To give the student a lesson in the use of serial poll bytes and how to control use serial poll bytes and Device status to monitor instrument events and status.

II. Procedure:

In this lab, you will monitor the status of the Lock-in Amplifier and report the status to the User using a VI. The VI must

  1. Monitor the Status byte and display this information on the VI front panel as a series of LED lights. You are REQUIRED to use either an ARRAY or CLUSTER data format for the status byte.
  2. As a separate monitor, display a boolean indicator (LED is fine) which indicates if the Lockin is overloaded or unlocked. (For LOCK-IN operation, these are the most important status conditions.)
  3. In your implementation of the reading of the status, think about how often and where in the VI's logic sequence you should check the status of the instrument. Clearly, checking it too often slows down the VI execution while not checking it often enough may result in missing a critical instrument error.

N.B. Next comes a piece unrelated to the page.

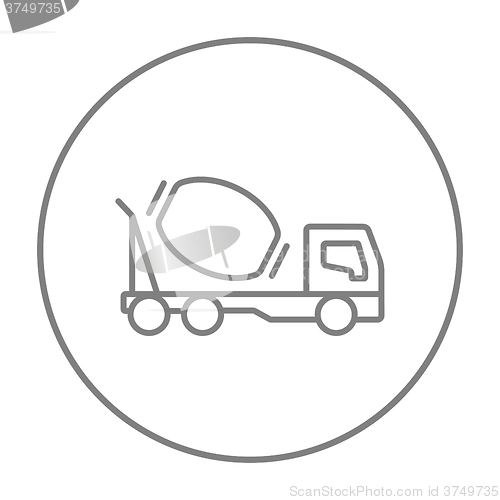 Image of Concrete mixer truck line icon.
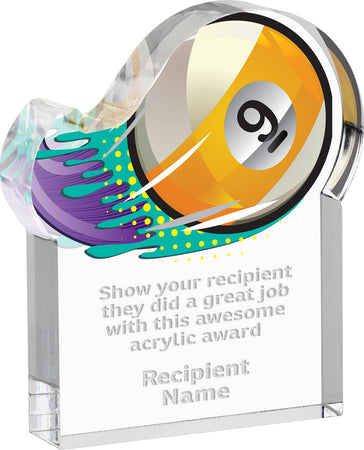 Billiards 9-Ball Splatters Acrylic Award- 3x4 inch [ASLM-34-BL9-Q]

Additional information and a copy of this lab is located at:

http://web.njit.edu/~gnita/VI/OPSE310/OPSE310lab_5.htm

Submit the created VI or VIs by attaching them to an e-mail document that contains the answers to the discussion questions below. (Note that you can either attach the VI or zip the VIs by using WinZIP). E-mail the answers to the discussion questions and the VI or VIs to:

gnita@njit.edu

III. Discussion:

  1. In a more sophisticated version of this lab, if an OVERLOAD status condition is detected by the VI, what action should the VI take? Eg. warn the user? Change the sensitivity settings? Change the time constants?
  2. In this lab, you were required to use an ARRAY or CLUSTER data structure for the status byte. Is there an advantage to using this data structure for the status byte rather than using 8 separate boolean structures?